Self-Supervised Visual Acoustic Matching

Authors: Arjun Somayazulu, Changan Chen, Kristen Grauman

NeurIPS 2023 | Conference PDF | Archive PDF | Plain Text | LLM Run Details

Reproducibility Variable Result LLM Response
Research Type Experimental Our proposed Le MARA model outperforms existing approaches [3, 7, 14] on challenging in-the-wild audio and environments from multiple datasets.
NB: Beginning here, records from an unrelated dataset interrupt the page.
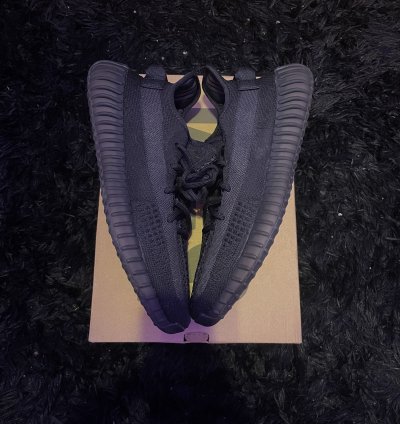 Adidas Yeezy Boost 350 V2 Onyx 22 23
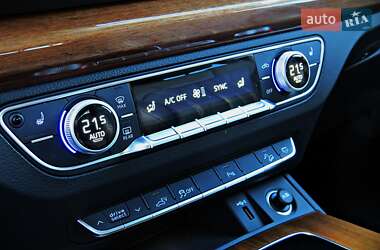 Позашляховик / Кросовер Audi Q5 2022 в 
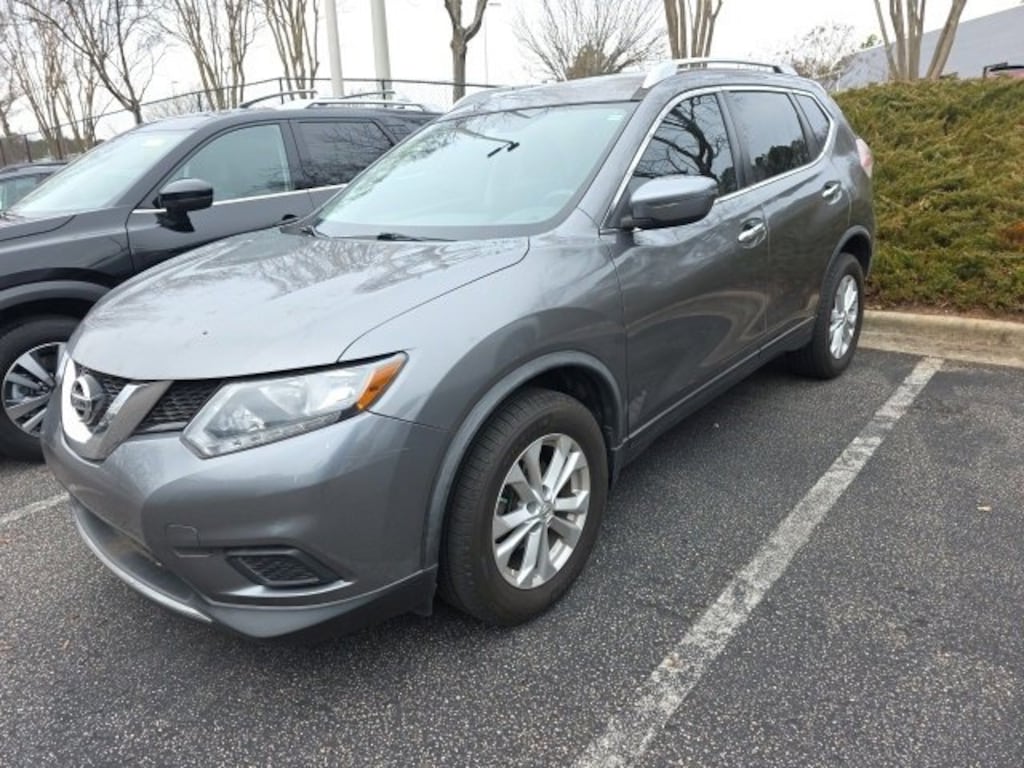 Used 2016 Nissan Rogue SV SUV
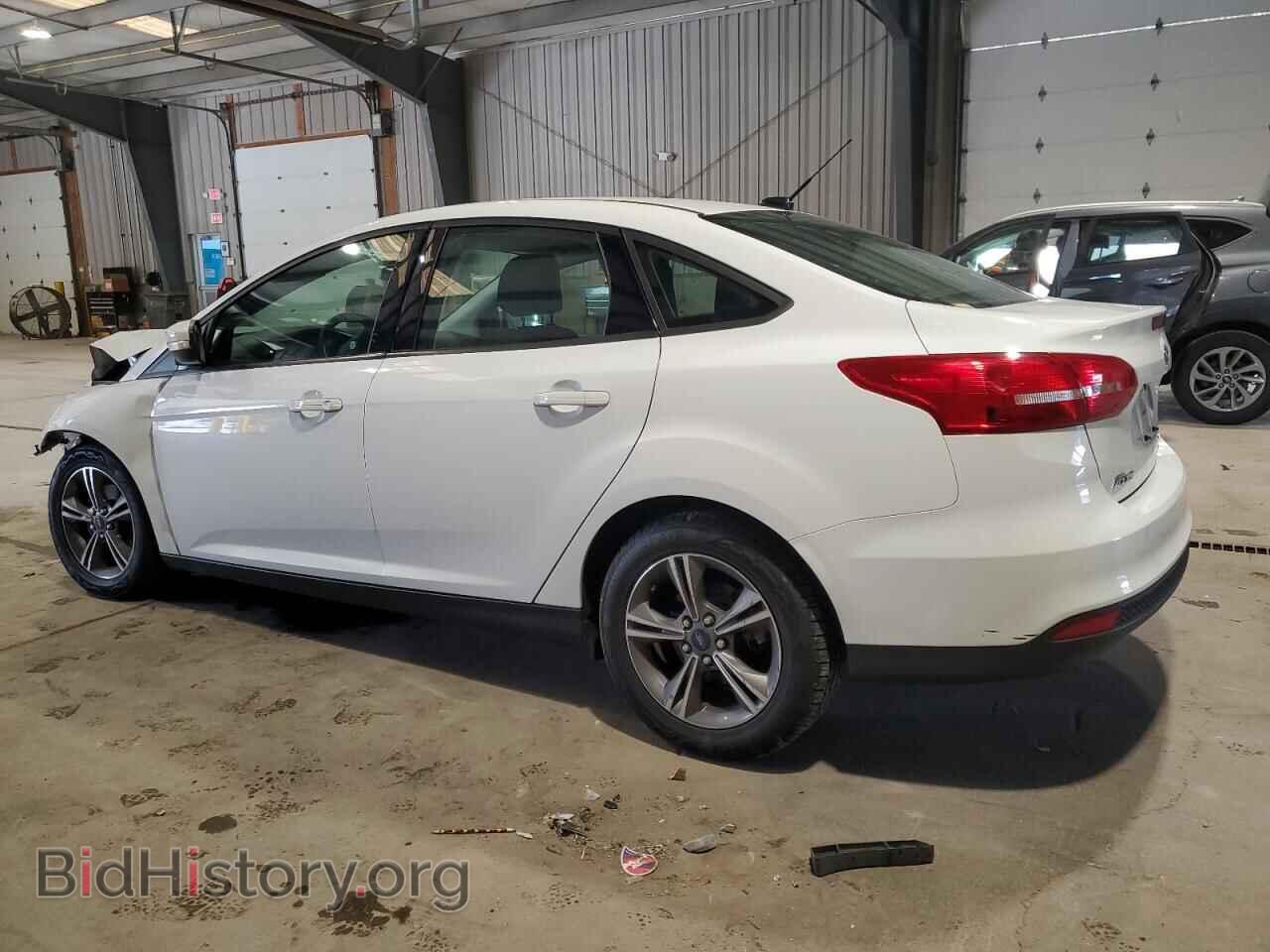 2018 FORD FOCUS - VIN: 1FADP3FE1JL209903 - Фото 2
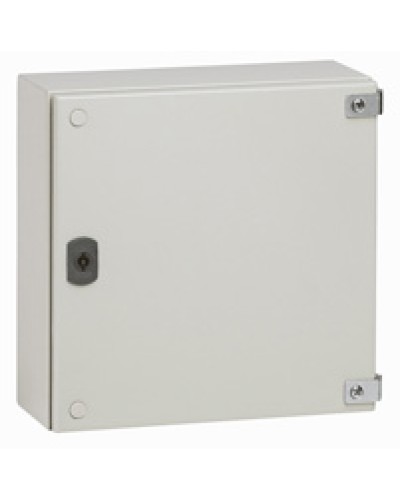 Промышленная коробка Atlantic металлическая квадратная IP66 IK10 300x300x120 мм RAL 7035 Legrand 035608 в Березниках Щиты электрические Pintop.ru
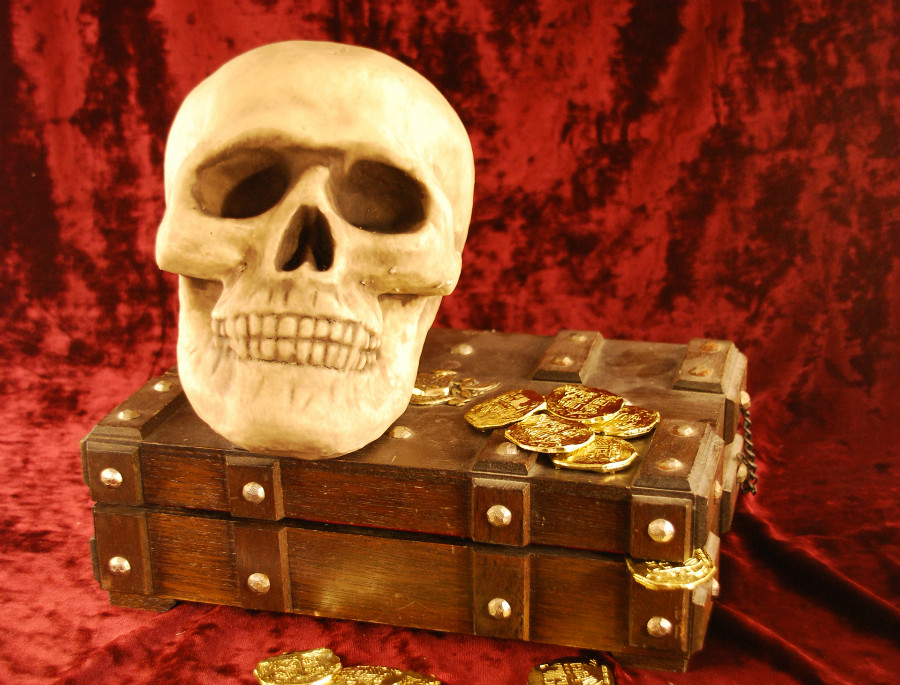 30.7 crs pirate skull and booty 1307348 1919x2866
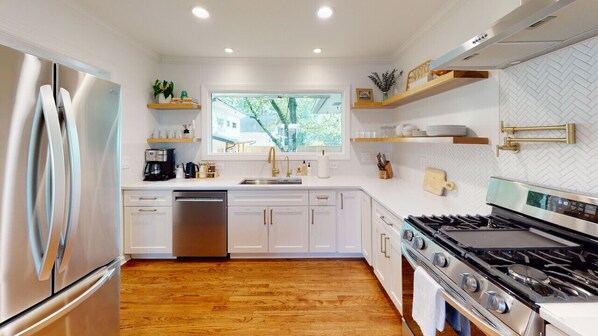 All 3 Kitchens on the property have Waterdrop Water Filters.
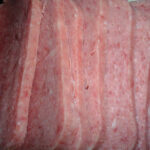 中国午餐肉验出非洲猪瘟病 马来西亚全面禁止进口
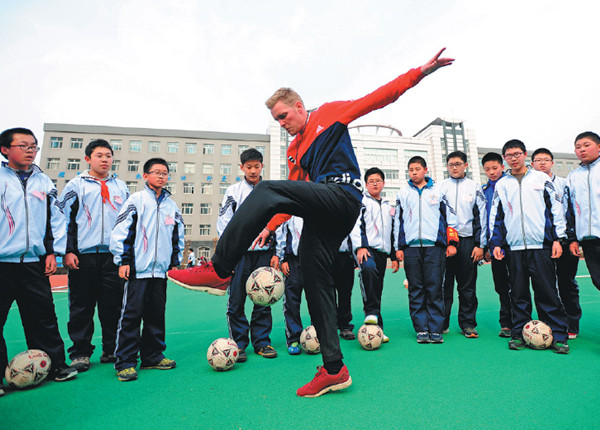 A Dutch soccer coach demonstrates skills to students in Shenyang, Liaoning province, in March 2016. China is looking to enhance cooperation and exchanges with soccer powerhouses like the Netherlands, Germany, France and England in order to develop future talent from the grassroots level. (Zhang Wenkui / Xinhua) A Dutch soccer coach demonstrates skills to students in Shenyang, Liaoning province, in March 2016. China is looking to enhance cooperation and exchanges with soccer powerhouses like the Netherlands, Germany, France and England in order to develop future talent from the grassroots level. (Zhang Wenkui / Xinhua)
Further, to benchmark this task, we introduce a high audio-visual correspondence subset of the AVSpeech [10] video dataset.
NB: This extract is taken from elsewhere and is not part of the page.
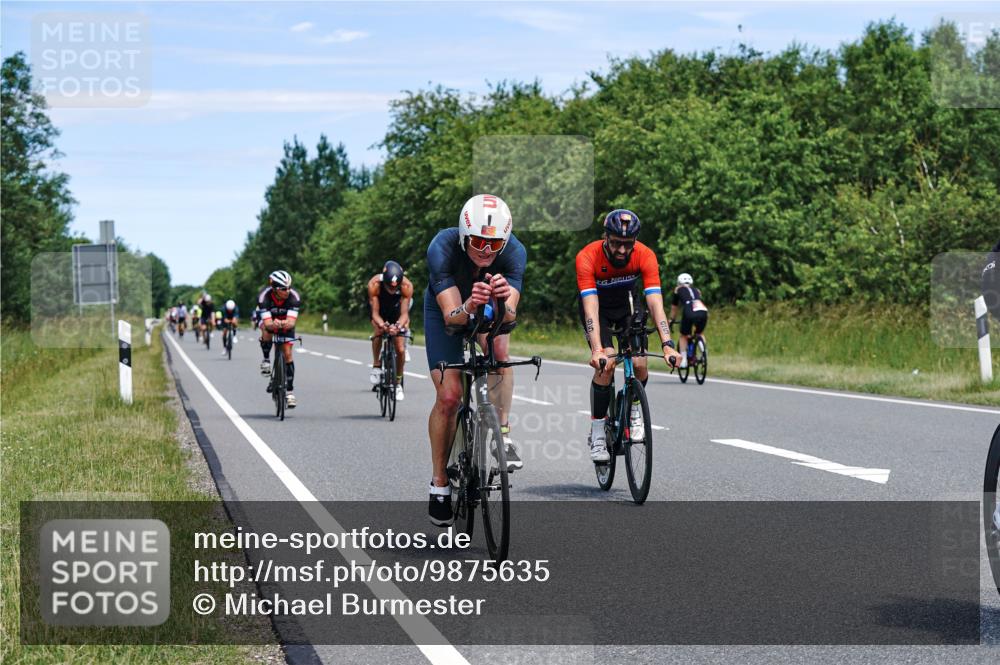 21.06.2026 - Viking Triathlon Michael Burmester http://msf.ph/oto/9875635 21.06.2026 12:52:36 Radfahren 63, 64, 75, 87, 89, 95, 118, 162, 275, 302, 411, 459, 460, 464, 490, 522, 552, 619 meine-sportfotos.de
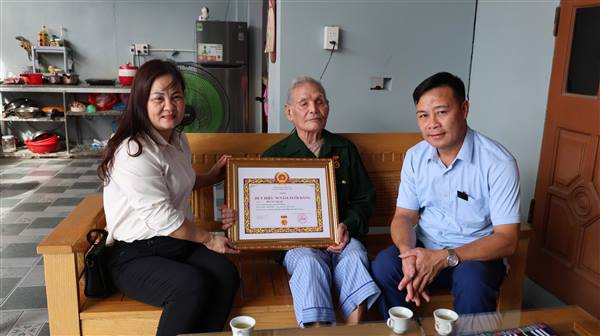 Đồng chí Vũ Minh Nguyệt, Phó Bí thư Thường trực Đảng ủy xã thăm, trao Huy hiệu 70 năm tuổi Đảng cho đảng viên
Researcher Affiliation Collaboration Arjun Somayazulu1 Changan Chen1 Kristen Grauman1,2 1UT Austin 2FAIR, Meta
Pseudocode Yes 7 Supplementary (...) 10. Pseudocode for a discriminator training epoch detailing our reverberator update mechanism (Algorithm 1)
Open Source Code No Project page: https: //vision.cs.utexas.edu/projects/ss_vam and We plan to release our code to facilitate further research.
Open Datasets Yes We use two datasets: Sound Spaces-Speech [7] and AVSpeech [10].
Dataset Splits Yes Sound Spaces-Speech consists of anechoic speech samples from Libri Speech paired with their acoustically-correct reverberated waveform (rendered using Sound Spaces) in any of 82 unique environments, together with an RGBD image at the listener s position. (...) We use train/val/test splits of 28,853/280/1,489 samples. (...) Our final set consists of 72,615/1,911/1,911 train/val/test samples.
Hardware Specification Yes Compute All models are trained on 8 NVIDIA Quadro RTX 6000 GPUs.
Software Dependencies No The paper mentions software components like "speechbrain Metric GAN-U implementation [34]" and "Wave Net-like architecture" but does not provide specific version numbers for these or other software dependencies.
Experiment Setup Yes We train Le MARA using the combined acoustic residue metric with α = 0.7. (...) We train the reverberators with batch size 4 and a learning rate of 1e-2 in stage (2). During stage (3) fine=tuning, we use batch size 2 and a learning rate of 1e-6. (...) In stage (1) (...) we train with batch size 32. During stage (3) fine-tuning, we use a batch size of 2. G and D are trained with learning rates of 2e-6 and 5e-4 respectively in both stages. (...) We clip each audio sample to 2.56s during training and evaluation.